**INPUT DATA**
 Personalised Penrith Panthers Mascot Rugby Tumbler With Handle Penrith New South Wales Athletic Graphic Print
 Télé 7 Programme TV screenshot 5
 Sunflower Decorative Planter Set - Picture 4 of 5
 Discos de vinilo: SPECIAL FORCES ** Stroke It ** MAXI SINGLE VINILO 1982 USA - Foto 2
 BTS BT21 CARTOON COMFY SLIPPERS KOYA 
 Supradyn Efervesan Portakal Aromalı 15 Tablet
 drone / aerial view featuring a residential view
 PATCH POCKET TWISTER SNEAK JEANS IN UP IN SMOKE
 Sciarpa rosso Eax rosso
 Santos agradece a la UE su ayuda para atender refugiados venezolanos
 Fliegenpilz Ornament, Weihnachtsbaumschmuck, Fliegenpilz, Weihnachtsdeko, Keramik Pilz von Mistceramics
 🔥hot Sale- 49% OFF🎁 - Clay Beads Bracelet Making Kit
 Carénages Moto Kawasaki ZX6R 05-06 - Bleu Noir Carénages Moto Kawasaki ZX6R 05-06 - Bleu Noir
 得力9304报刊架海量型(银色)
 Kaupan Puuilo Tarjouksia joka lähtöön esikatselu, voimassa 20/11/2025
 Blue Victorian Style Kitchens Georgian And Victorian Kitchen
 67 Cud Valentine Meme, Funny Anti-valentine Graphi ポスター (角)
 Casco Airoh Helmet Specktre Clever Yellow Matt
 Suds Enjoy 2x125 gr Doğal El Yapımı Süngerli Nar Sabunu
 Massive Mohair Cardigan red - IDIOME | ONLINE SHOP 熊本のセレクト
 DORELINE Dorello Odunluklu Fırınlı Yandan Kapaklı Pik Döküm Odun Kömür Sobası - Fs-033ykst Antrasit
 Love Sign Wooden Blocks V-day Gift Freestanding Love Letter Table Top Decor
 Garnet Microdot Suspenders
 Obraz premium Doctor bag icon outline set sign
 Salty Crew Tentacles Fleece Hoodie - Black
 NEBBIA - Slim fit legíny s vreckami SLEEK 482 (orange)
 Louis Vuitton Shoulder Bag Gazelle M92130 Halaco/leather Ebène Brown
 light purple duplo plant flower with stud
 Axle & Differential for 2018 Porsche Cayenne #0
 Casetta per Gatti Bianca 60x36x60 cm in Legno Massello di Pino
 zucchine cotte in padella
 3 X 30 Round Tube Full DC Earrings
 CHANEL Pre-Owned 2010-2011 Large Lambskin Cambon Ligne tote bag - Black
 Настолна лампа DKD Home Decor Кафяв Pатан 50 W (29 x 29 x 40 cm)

**YOUR INSTRUCTIONS**
Work out how many lines in the data above contain the word "Black" and respond with that number only.

**ANSWER TO THIS TASK**
2